United States District Court, N.D. Indiana, South Bend Division
Nov 20, 2009
NO. 3:09-CV-0249 (N.D. Ind. Nov. 20, 2009)

Opinion

NO. 3:09-CV-0249.

November 20, 2009


OPINION AND ORDER


This matter is before the Court on Plaintiff Mauraice Johnson's motion to alter or amend judgment pursuant to Rule 59(e) of the Federal Rules of Civil Procedure. For the reasons set forth below, this Court DENIES the Plaintiff's motion to alter or amend judgment.

BACKGROUND

Maurice Johnson-Bey, Aurelius Allen-Bey, Nelson Harris-Bey, and Antonio Putnam-Bey, prisoners housed at the Indiana State Prison filed a filed a complaint pursuant to 42 U.S.C. § 1983, alleging that "the defendants violated their right to practice their religion unmolested." (DE 1 at 1). This Court split the complaint into four separate cases because joinder was improper pursuant to Rule 20 of Federal Rules of Civil Procedure. But for reasons of judicial economy this Court consolidated the four cases for the purpose of screening the plaintiffs' complaints pursuant to 28 U.S.C. § 1915A(A). This Court dismissed the Plaintiffs' complaints pursuant to Section 1915A(A) because they stated no claim upon which relief could be granted. Plaintiff Johnson-Bey moves to alter or amend the judgment in this case, asserting that he should be allowed to amend his complaint to cure deficiencies.

DISCUSSION

Johnson-Bey has filed a motion for relief from judgment based on Fed.R.Civ.P. 59(e).

Altering or amending judgment under Rule 59(e) is permissible when there is newly discovered evidence or there has been a manifest error of law or fact. Vacating a judgment under Rule 60(b) is permissible for a variety of reasons, including mistake, excusable neglect, newly discovered evidence and fraud. While the two rules have similarities, "Rule 60(b) relief is an extraordinary remedy and is granted only in exceptional circumstances." Rule 59(e), by contrast, requires that the movant "clearly establish" one of the aforementioned grounds for relief.
Harrington v. City of Chicago, 433 F.3d 542, 546 (7th Cir. Ill.) (Citations omitted).

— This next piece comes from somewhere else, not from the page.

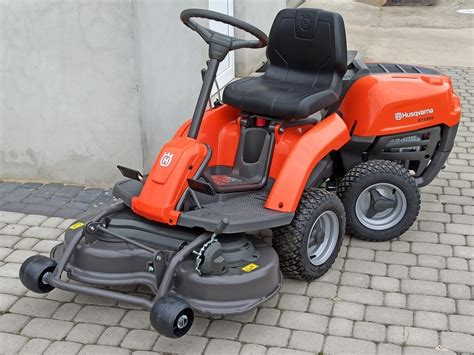 traktorek Husqvarna Rider z różnymi rodzajami osprzętu (np. szczotka, pług)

The Plaintiff states two grounds in his motion. First he states that "In this jurisdiction, prisoners are entitled to `an opportunity to amend the complaint to overcome the deficiency unless it clearly appears from the complaint that the deficiency cannot be overcome.'" (DE 19-1 at 1). The cases the Plaintiff cites in support of this proposition are both Ninth Circuit cases, which are not controlling precedent in this circuit.

Johnson-Bey asserts that "In this case, the deficiency can be overcome." (DE 19-1 at 1). This Court did not dismiss this complaint based on pleading technicalities. The Court examined Johnson-Bey's complaint and its attachments carefully in its screening order and dismissed the complaint on the merits because the complaint stated no claim upon which relief can be granted. Johnson-Bey does not state what deficiencies in his complaint he believes can be cured or how he would cure those deficiencies if he could amend his complaint.

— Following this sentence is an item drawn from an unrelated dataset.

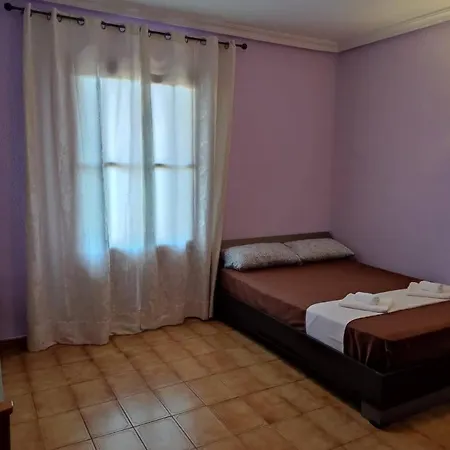 27-3- Комната С Балконом В Квартире Аликанте Для 5 Человек Habitación en casa particular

Rule 59(e) requires that the movant "clearly establish" one of the grounds for relief set forth in that rule. Johnson-Bey does not state what deficiencies he could cure by amending his complaint, and the court can discern no deficiencies that the Plaintiff could cure by means of an amended complaint.

In his second paragraph, Johnson-Bey asserts that "under Rule 15(a), the plaintiff has an absolute right to amend his complaint once before the defendants file an answer." (DE 19-1 at 1). He further asserts that "In the Ninth Circuit, prisoners also have the right to amend the complaint even if it's (sic) not the first time, to overcome any problems with it, unless it is absolutely clear that the problem can't be fixed." ( Id.). But as this Court has already noted, this district is not within the Ninth Circuit, and this Court cannot discern any deficiencies that the Plaintiff could cure by means of an amended complaint.

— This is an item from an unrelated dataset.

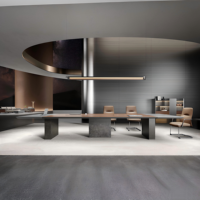 Table de conférence moderne de luxe pour 6 à 12 personnes avec système de rail électrique intelligent, grand bureau de réunion pour bureau de PDG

Had Johnson-Bey filed an amended complaint before screeing, the court would have accepted it pursuant to Rule 15(a), and screened the amended complaint rather than the original complaint. But "a party cannot request leave to amend following a final judgment unless that judgment has been vacated." Weiss v. Cooley, 230 F.3d 1027, 1034 (7th Cir. 2000). The judgment in this case has not been vacated, and Johnson-Bey has not presented any meritorious reason to vacate the judgment.

CONCLUSION

Nothing in Johnson-Bey's motion for relief from judgment clearly establishes any of the grounds set forth in Fed.R.Civ.P 59(e) that would justify relief. Accordingly, this Court DENIES the Plaintiff's motion to alter or amend judgment pursuant to Rule 59(e) of the Federal Rules of Civil Procedure.


Summaries of

Johnson-Bey v. Indiana Department of Corrections

United States District Court, N.D. Indiana, South Bend Division
Nov 20, 2009
NO. 3:09-CV-0249 (N.D. Ind. Nov. 20, 2009)
Case details for

Johnson-Bey v. Indiana Department of Corrections

Case Details

Full title:MAURICE JOHNSON-BEY, Plaintiff, v. INDIANA DEPARTMENT OF CORRECTIONS, et…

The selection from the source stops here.